川东道台吴镐认为,崇因寺是重庆地势最高的地方,全城各地虚实一览无余,而法国“坚欲得此,其意难测,与之非便”。当地百姓则将崇因寺视为“渝中名胜,庙祀因之”。

张秉堃“探访众情”后,得出结论:今欲改天主教,实未允恰。于是道、县两级主官商量了一个折中方案,由官方别筹款项,另选一处建教堂。

三月,张秉堃传集全城绅士筹议新方案。集会上人语杂乱,“彼此争执,激成公愤。”绅士们很快召集千余民众,不仅拆毁了原有教堂,还摧毁医馆等18处地方、抄掠教民住宅20余家……

教案发生后,范若瑟通过驻京公使,向清廷总理衙门施加压力。

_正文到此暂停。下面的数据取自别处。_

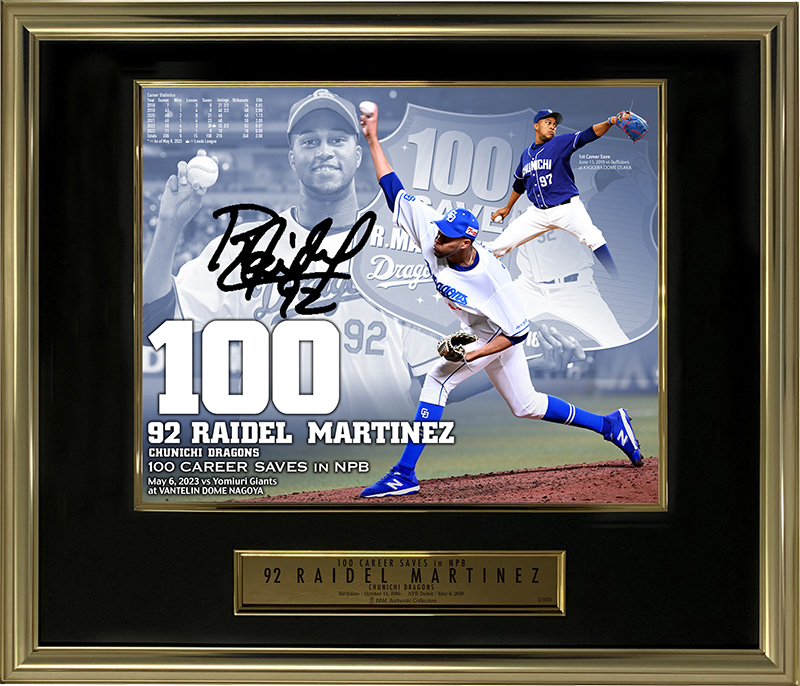 中日ドラゴンズ オフィシャルウェブサイト - ドラゴンズニュース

四川当局为平息事端,以“胆敢欺君罔上,自作主张”为由,将张秉堃远调到酉阳。

为民争利,结果被腐朽软弱的清政府当成“替罪羊”,最愤怒的是巴县百姓。张秉堃离任时,“士民遮道留饯者十余里,络绎不绝。”百姓的不舍,既有对他的爱戴,更多的是替他委屈。

谁也没想到,十多年后,张秉堃会再次回到巴县——因为另一桩教案。

光绪二年(1876),重庆江北厅数千乡民攻入城内,捣毁教堂、医馆数处,引得“川东震动”。两年后,四川总督丁宝桢阅兵至重庆,得知该案“相持日久,案悬未决”,下令速为了结,“断不能再为拖延。”

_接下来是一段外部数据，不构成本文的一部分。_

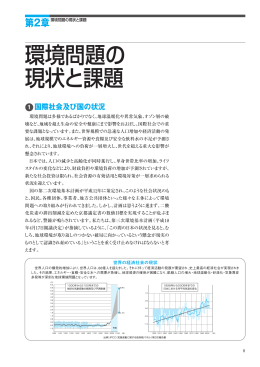 第2章 環境問題の現状と課題[PDF：456KB]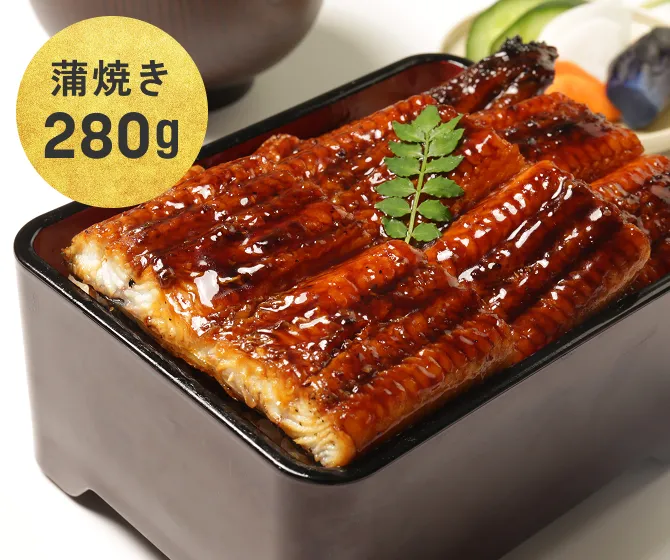 【ポイント10倍】＜超特大280g＞鹿児島県産 うなぎ蒲焼き（2尾）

丁宝桢了解到张秉堃在重庆任职多年,“民心甚为爱戴”,又是因为传教士的控告而遭处分,于是专门行文川东道,指派已是陕西候补知府的张秉堃,到重庆办理教案。

据说,张秉堃协同其他官员,“不三日即书押定议”,妥善处理了这件积案。

张秉堃于咸丰元年题写的“别一洞天”石刻,现存江安

指挥防守,保民安定

张秉堃像“救火队长”,不是在解决问题,就是在解决问题的路上。他官宦生涯的半数时间都在打仗,人在事上磨,维稳工作把他磨成了一位智慧型指挥官。

张秉堃到岳池时,太平天国的战火正由南向北蔓延,“川东粮仓”未能幸免。张秉堃致力于修筑防御工事,组织官民“预备守具,增修砦堡”,以一人之力“倡捐于四城内修炮台二十二座”,留下“增修武功”的名声。

到巴县后不久,又赶上云南李蓝农民军“扰动川东上游”。咸丰十年(1860)冬,张五麻子率农民军先后占领荣昌和永川,逼近巴县西界。

军情紧急,但“城中兵勇不足资防”,张秉堃立即“调三里团练,防堵三十余隘”。随后,他开始布置“空城计”,一面密令士兵砍下木头做成大炮模样,全部涂成黑色并派六人守一座“炮台”,如果“敌来则举炮拟之”;一面在城内收集白色布料,“裁为旗帜,不足充以纸,遍插山巅。”这番操作,让对方误以为山上防守充足,“历数十昼夜”而不敢妄动。

但疑兵之计归根到底是缓兵之计,几天后,如梦初醒的张五麻子开始向县城发动猛攻。张秉堃“督诸团勇,躬犯矢石,防守不稍疏”,最后谁也没有占得便宜。

祸不单行,焦灼之际的张秉堃又在巡守中发现一大漏洞——城西山涧旁“有窄径可循而登”,一旦被对方发现,则全城危矣。他迅速恢复镇定,心生一计——“亟督工造闸堵水。”

某日一早,果然有农民军“敢死数十人,冒险沿涧旁小径上登”。张秉堃获得情报后,令所有军士假装不知,等这队人马“将达寨垣”时,立刻开闸放水。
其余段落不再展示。